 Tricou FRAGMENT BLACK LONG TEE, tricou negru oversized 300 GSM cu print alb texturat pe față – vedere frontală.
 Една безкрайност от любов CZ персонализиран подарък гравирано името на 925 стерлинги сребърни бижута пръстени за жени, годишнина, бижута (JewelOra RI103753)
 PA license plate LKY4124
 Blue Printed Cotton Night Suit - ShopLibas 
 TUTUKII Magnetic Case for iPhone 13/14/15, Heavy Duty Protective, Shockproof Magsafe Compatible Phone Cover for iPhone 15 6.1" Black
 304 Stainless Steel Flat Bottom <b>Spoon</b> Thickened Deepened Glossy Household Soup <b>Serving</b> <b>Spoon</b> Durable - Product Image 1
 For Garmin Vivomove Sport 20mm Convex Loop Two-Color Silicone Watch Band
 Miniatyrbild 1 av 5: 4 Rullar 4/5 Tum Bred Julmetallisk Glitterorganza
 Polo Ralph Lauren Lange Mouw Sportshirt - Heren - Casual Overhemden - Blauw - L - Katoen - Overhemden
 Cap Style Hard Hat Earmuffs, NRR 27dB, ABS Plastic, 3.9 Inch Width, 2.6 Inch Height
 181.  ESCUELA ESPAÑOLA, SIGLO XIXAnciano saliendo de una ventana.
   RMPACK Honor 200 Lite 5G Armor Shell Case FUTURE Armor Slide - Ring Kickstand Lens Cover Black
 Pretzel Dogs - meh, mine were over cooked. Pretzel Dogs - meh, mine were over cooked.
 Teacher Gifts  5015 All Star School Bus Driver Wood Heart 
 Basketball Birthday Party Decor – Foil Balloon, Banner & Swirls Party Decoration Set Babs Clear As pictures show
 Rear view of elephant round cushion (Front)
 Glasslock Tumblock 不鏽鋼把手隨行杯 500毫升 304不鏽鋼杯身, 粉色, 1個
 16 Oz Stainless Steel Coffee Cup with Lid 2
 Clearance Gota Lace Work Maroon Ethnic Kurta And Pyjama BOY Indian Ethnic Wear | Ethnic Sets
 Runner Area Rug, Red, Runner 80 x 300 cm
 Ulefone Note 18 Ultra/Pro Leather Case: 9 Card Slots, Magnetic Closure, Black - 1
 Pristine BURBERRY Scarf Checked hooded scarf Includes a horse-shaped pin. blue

● ● ● ●

### [HOW TO COMPLETE THIS TASK]
Start at the first line of the material and transcribe each line exactly, stopping once the line containing "PA license plate LKY4124" has been written.

### [WRITTEN RESPONSE]
 Tricou FRAGMENT BLACK LONG TEE, tricou negru oversized 300 GSM cu print alb texturat pe față – vedere frontală.
 Една безкрайност от любов CZ персонализиран подарък гравирано името на 925 стерлинги сребърни бижута пръстени за жени, годишнина, бижута (JewelOra RI103753)
 PA license plate LKY4124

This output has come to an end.